27. Oktober 2025
D&O Strohmann Geschäftsführer
D&O-Versicherung

Insolvenzantragspflichten auch für Strohgeschäftsführer 

Das OLG Frankfurt a.M. äußert sich zu persönlichen Haftungsrisiken sog. „Strohmänner“. Vorsicht ist geboten, die D&O-Versicherung muss nicht immer zahlen. 

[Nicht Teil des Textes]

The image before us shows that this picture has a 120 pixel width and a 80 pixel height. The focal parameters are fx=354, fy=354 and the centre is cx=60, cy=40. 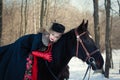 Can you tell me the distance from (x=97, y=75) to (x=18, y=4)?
3753 cm

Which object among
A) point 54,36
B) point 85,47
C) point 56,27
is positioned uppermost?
point 56,27

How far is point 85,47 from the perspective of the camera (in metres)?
6.14

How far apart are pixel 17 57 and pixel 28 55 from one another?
19 cm

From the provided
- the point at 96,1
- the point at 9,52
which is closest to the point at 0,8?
the point at 9,52

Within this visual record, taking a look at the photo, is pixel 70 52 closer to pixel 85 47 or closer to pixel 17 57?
pixel 85 47

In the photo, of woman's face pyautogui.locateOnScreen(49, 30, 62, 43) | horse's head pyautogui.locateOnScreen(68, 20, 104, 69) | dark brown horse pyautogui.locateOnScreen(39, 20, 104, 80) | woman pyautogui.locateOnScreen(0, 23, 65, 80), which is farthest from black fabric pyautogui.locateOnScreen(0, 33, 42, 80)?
horse's head pyautogui.locateOnScreen(68, 20, 104, 69)

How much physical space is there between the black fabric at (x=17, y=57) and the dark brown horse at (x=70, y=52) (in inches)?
12.4

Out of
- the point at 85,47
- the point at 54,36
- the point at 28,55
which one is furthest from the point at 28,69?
the point at 85,47

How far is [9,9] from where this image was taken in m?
57.6

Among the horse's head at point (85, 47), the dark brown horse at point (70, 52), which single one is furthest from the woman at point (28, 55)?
the horse's head at point (85, 47)

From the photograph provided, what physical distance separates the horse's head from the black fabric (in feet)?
2.09

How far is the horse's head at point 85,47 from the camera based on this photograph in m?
6.11

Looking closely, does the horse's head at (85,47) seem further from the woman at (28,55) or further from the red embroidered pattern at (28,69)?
the red embroidered pattern at (28,69)

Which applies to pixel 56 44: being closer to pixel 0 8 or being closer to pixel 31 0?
pixel 0 8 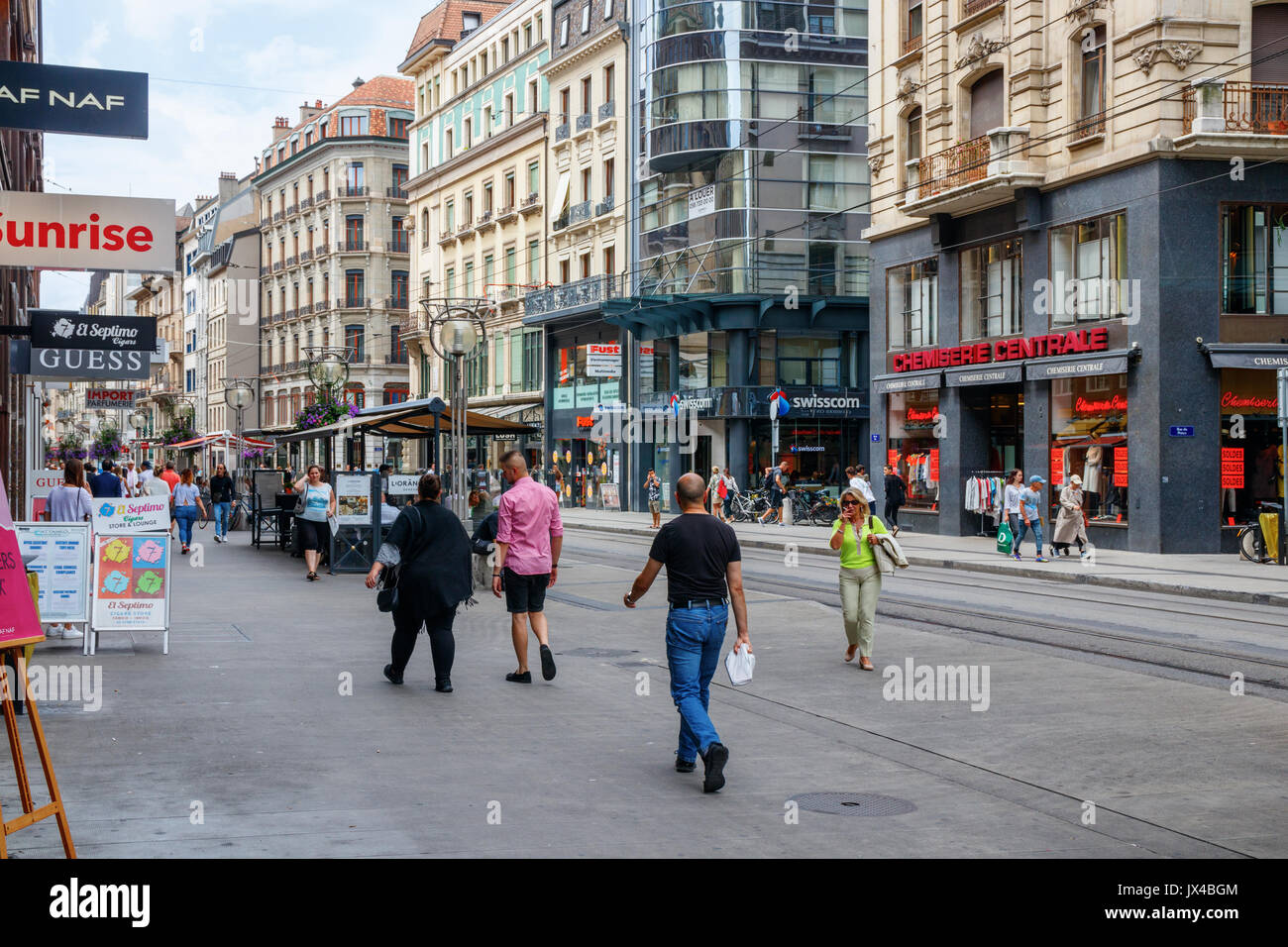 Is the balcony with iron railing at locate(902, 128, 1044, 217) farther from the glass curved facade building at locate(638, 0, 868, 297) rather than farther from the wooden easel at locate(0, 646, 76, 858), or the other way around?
the wooden easel at locate(0, 646, 76, 858)

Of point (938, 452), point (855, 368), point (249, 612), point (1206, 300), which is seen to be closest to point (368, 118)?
point (855, 368)

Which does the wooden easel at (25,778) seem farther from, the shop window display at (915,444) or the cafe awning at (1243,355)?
the shop window display at (915,444)

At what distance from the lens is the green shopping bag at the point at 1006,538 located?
25719mm

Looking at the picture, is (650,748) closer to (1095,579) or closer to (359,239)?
(1095,579)

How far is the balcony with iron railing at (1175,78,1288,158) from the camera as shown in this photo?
2522 cm

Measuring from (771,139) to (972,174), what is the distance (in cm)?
1302

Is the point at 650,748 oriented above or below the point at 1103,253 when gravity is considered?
below

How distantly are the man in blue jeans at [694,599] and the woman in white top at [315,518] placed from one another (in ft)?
42.8

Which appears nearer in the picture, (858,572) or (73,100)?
(73,100)

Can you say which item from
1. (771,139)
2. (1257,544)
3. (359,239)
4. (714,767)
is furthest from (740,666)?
(359,239)

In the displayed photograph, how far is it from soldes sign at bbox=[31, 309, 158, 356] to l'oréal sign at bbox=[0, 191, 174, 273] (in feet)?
14.1

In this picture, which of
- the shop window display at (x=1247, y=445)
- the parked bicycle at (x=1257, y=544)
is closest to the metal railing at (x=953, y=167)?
the shop window display at (x=1247, y=445)

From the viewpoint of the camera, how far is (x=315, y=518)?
829 inches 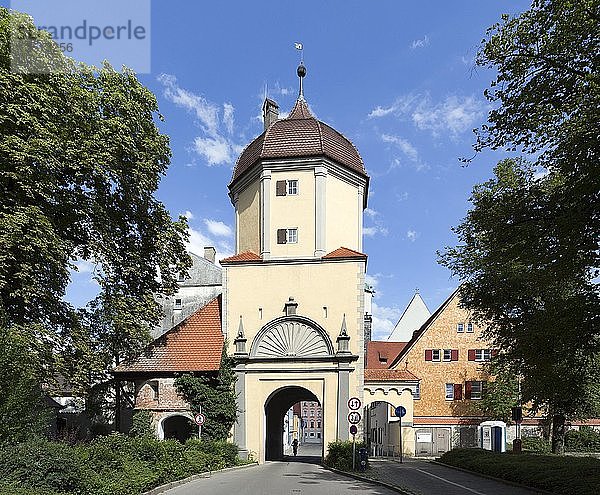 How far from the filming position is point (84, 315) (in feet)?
92.9

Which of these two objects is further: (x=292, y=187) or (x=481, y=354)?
(x=481, y=354)

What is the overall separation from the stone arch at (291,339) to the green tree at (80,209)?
6.32 metres

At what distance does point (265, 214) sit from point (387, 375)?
50.8ft

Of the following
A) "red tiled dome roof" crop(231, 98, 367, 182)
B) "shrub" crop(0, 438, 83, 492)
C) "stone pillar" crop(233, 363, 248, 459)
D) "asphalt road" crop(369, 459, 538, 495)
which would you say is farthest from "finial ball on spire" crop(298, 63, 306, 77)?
"shrub" crop(0, 438, 83, 492)

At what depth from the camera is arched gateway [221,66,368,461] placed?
35.1m

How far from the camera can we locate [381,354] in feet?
231

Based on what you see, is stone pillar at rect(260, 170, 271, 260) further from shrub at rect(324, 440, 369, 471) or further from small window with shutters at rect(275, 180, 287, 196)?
shrub at rect(324, 440, 369, 471)

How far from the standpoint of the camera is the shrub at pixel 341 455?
2938 cm

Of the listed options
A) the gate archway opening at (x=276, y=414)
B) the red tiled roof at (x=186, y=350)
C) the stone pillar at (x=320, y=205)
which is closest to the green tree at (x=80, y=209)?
the red tiled roof at (x=186, y=350)

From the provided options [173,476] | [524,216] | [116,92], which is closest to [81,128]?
[116,92]

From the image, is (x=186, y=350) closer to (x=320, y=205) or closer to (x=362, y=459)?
(x=320, y=205)

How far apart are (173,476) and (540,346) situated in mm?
11635

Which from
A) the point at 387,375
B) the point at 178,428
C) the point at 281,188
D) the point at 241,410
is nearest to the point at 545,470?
the point at 241,410

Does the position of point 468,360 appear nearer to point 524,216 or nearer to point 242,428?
point 242,428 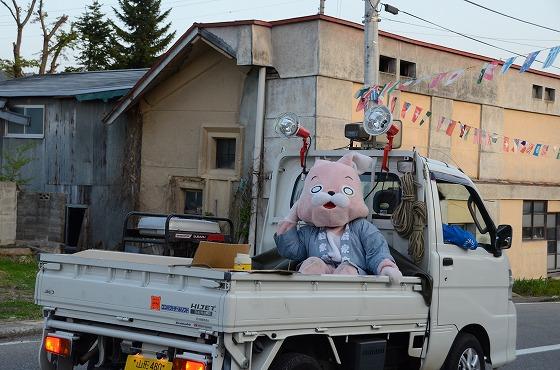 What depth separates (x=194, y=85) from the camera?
20094 millimetres

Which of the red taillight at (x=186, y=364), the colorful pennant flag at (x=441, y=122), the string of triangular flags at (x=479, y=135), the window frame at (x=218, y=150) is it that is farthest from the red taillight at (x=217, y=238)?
the red taillight at (x=186, y=364)

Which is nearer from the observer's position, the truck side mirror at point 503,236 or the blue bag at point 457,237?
the blue bag at point 457,237

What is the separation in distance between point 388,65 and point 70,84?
9223 mm

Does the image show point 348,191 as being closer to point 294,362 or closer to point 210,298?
point 294,362

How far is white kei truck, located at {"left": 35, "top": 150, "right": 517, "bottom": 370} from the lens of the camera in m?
5.45

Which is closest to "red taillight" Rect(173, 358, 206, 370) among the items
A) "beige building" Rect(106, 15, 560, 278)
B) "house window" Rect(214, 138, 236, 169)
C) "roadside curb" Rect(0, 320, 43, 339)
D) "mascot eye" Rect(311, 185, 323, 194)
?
"mascot eye" Rect(311, 185, 323, 194)

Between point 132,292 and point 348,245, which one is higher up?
point 348,245

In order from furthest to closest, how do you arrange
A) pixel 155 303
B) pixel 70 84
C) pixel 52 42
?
pixel 52 42 < pixel 70 84 < pixel 155 303

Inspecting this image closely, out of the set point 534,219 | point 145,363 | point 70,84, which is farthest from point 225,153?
point 145,363

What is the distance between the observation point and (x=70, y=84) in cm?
2403

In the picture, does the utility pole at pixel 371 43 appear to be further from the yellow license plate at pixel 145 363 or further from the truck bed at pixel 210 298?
the yellow license plate at pixel 145 363

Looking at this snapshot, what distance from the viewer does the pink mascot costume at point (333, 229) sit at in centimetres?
705

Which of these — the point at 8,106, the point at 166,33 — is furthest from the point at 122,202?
the point at 166,33

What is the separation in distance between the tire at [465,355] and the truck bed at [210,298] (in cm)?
95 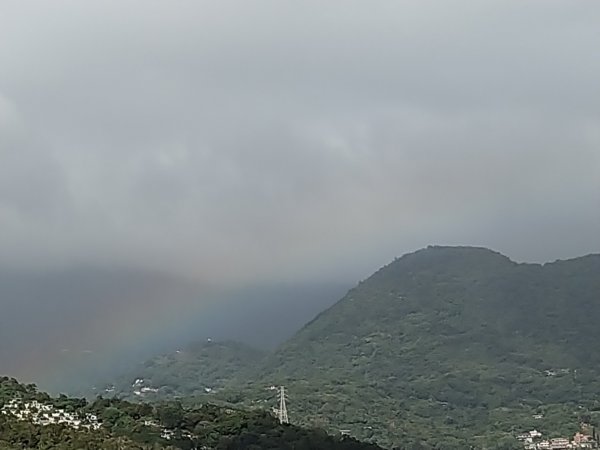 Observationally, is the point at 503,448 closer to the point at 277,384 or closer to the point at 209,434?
the point at 277,384

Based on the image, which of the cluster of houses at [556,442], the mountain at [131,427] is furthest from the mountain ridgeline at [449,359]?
the mountain at [131,427]

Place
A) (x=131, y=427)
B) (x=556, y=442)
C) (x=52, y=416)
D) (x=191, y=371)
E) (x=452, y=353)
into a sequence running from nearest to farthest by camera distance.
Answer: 1. (x=52, y=416)
2. (x=131, y=427)
3. (x=556, y=442)
4. (x=452, y=353)
5. (x=191, y=371)

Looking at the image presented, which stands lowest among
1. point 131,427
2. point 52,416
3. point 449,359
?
point 131,427

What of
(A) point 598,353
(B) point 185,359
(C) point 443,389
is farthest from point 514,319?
(B) point 185,359

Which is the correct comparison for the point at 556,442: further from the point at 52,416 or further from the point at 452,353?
the point at 52,416

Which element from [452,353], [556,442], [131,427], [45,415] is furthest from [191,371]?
[45,415]

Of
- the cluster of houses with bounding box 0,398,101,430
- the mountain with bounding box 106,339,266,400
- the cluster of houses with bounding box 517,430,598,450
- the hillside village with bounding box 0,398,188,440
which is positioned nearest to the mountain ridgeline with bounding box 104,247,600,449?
the cluster of houses with bounding box 517,430,598,450

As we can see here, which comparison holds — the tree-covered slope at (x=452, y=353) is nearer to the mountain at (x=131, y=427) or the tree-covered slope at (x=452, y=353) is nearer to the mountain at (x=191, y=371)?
the mountain at (x=191, y=371)

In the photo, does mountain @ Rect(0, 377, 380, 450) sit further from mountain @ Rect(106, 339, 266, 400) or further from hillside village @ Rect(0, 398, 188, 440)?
mountain @ Rect(106, 339, 266, 400) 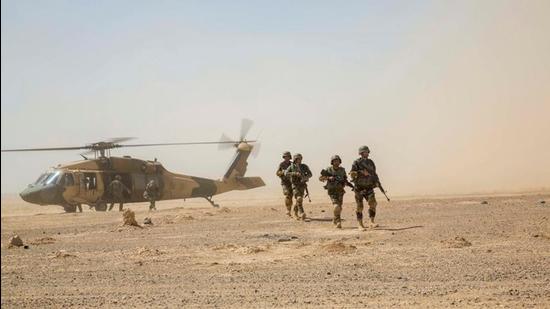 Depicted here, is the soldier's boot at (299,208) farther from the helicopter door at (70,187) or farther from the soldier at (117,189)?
the helicopter door at (70,187)

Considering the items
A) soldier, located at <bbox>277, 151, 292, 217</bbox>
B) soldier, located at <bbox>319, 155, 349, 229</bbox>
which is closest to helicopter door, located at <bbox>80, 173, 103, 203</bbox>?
soldier, located at <bbox>277, 151, 292, 217</bbox>

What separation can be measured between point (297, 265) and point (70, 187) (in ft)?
50.1

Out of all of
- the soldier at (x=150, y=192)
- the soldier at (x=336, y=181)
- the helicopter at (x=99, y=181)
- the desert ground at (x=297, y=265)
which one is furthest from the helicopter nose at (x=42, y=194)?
the soldier at (x=336, y=181)

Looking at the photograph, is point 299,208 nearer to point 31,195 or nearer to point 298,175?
point 298,175

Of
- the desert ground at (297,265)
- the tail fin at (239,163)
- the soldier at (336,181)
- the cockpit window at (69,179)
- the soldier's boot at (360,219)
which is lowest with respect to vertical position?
the desert ground at (297,265)

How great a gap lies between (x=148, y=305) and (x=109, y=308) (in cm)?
40

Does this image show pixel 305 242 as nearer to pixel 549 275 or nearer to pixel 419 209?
pixel 549 275

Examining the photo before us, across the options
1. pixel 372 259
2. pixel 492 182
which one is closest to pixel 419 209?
pixel 372 259

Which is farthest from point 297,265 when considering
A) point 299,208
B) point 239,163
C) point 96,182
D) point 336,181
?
point 239,163

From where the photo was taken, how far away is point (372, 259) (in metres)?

Das Einsetzen sog. „Strohmann“-Geschäftsführer ist in der Unternehmenswelt keine Seltenheit. Formal im Handelsregister eingetragen, faktisch nur Statist – eine scheinbar elegante Möglichkeit, Verantwortung auszulagern und Haftung zu begrenzen. Dass diesem Versuch einer Haftungsbegrenzung besonders im Falle der Insolvenz des Unternehmens Grenzen gesetzt sind, hat eine aktuelle Entscheidung des OLG Frankfurt a. M. (Beschluss v. 16. Januar 2025 – 7 W 20/24) verdeutlicht. Relevant war  insbesondere die Frage, ob das unterlassene Stellen eines Insolvenzantrags durch den „Strohmann“ eine Kardinalspflichtverletzung darstellt, die zum Ausschluss der Leistungspflicht einer D&O-Versicherung führt. 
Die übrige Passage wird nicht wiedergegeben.